His transition to civil rule programme led to an unending transition which culminated in the annulment of the June 12, 1993 Presidential election.

The election was widely believed to have been won by late Moshood Abiola of the Social Democratic Party, SDP.

Advertisement

The crisis precipitated by the annulment forced him to step aside, while Appointing late Earnest Shonekan as head of an interim government.

The Gulf War of 1991 led to sharp increase in oil prices with Nigeria making an excess of $12.4 billion, which remains unaccounted for under the Babangida regime.

But on Sunday, he said, “I sacked a governor for misappropriating N300,000. Now there are people — we read in the papers, thank God there are papers to read and social media and so on— who steal N2 billion, N3 billion and nobody is saying they are corrupt; only us because we are military, that is all.

“I still maintain that we are saints if you compare somebody who is accused of stealing N3 billion compare him against somebody with N300,000 then I think we are saints,” he averred.

He explained that he had a solution against corruption and suggested it but was neglected because it came from him.

Advertisement

He said,
“I sold an idea but because it came from me, nobody likes it, nobody will like to hear it:

“Identify areas of corruption and attack them from the source.

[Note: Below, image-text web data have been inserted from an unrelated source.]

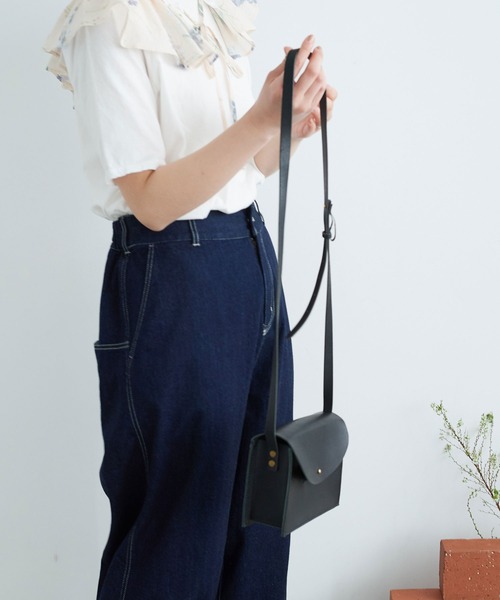 chambre de charme（シャンブルドゥシャーム）の「cdc leather しかくいポシェット（ショルダーバッグ・レディース・ブラック/キャメル・FREE）」の11枚目の写真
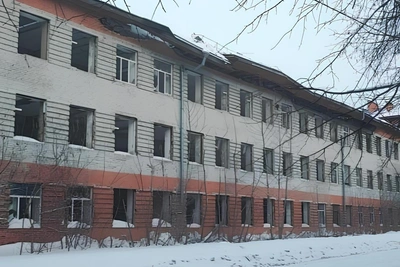 Emergency mode considered for dilapidated building in Novosibirsk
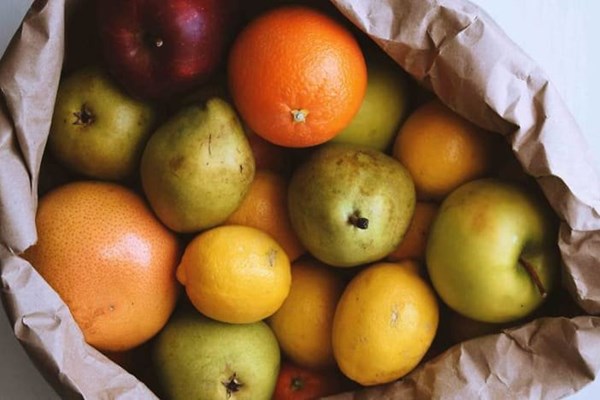 Chỉ ăn trái cây có thể gây hại cho cơ thể - Anh 1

I read in one of the newspapers where a judge was complaining that they are not well remunerated by the public and that is a sure source of corruption.

“Wherever you have a system where you have a lot of control there will be corruption.

“So what did we try to do? We got government not to be involved in things like production.

“Anything to do with ‘I have to come to you and you will always think you are doing me a favour, so maybe I should reciprocate it’; that is the sort of thing.

“And that is why we introduced freeing the economy; you don’t need a licence to be graded Grade A; your groundnut or cocoa or cotton or whatever it is.

Advertisement

“You don’t need to go to the Central Bank or to go to banks to get foreign exchange.

“There are Bureaux de Change. They set it up in market areas, where you can easily go and get it.

“So the sources of corruption has to be identified and attacked,” he said.